I was very puzzled by the Monday August 20 meeting to deal with Calendar item 104. I don’t understand who is actually on the committee with voting status on issues that come before the committee.

I noticed that Gavin Newsom, John Chiang or Ana Matosantos did not vote on issuing a permit to PG&E for the seismic testing around Diablo Canyon. I was told when I was giving comment by deputy controller Gordon to limit my comment on the EIR not the issuance of the permit. He said the permit would go forward. I found this very puzzling as did the 40 citizens in Morro Bay who understood they were giving comment on PG&E’s permit application to conduct seismic testing.
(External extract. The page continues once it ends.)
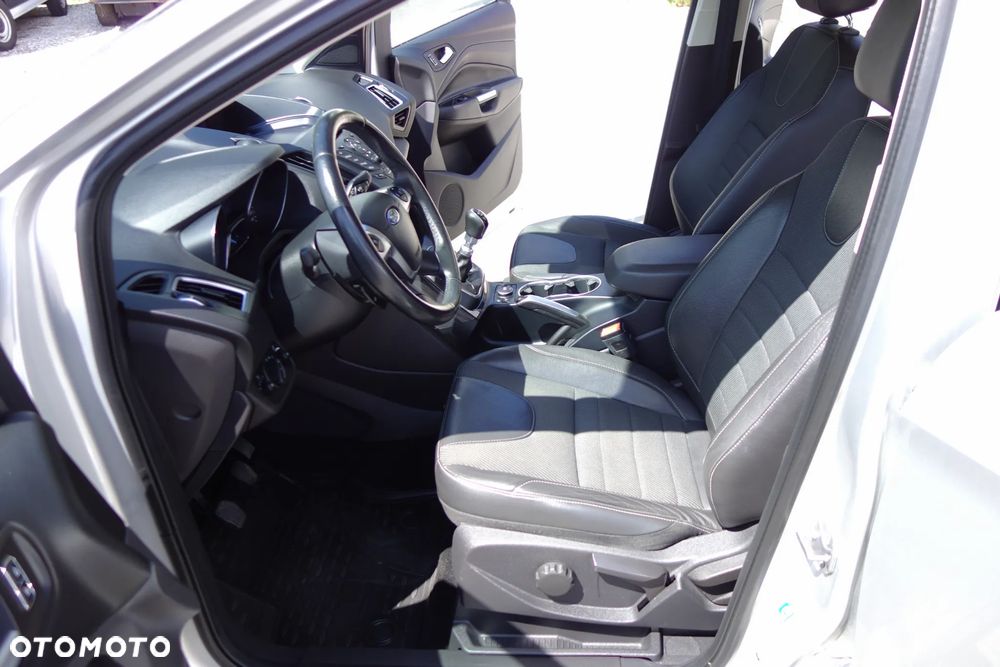 Ford Kuga 1.5 EcoBoost 2x4 Trend - 12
When we arrived at the meeting we were given notices about the meeting, the paper on item 104 said “Consider certification of a final environmental Impact Report and issuance of a permit to Pacific Gas and Electric Company for purpose of conducting a 3D geophysical survey employing the use of air guns and hydrophones off the coast of San Luis Obispo.

So I felt that I had driven 338 miles round trip to give comment on a very important issue for nothing. The gas bill for this trip was more than $50.00. Please explain to me why this issue wasn’t important enough for all the main commissioners to be there and vote on.

I also noticed that the commission members did not listen attentively or at all to much of the public comment. They were constantly leaving the room to go do other things or talk with other people.

Their performance was simply unacceptable. This is supposed to be a Democracy where the citizens are listened to and represented by the government. That certainly wasn’t the case during Monday’s Commission meeting. PG&E was well represented but we the people certainly were not.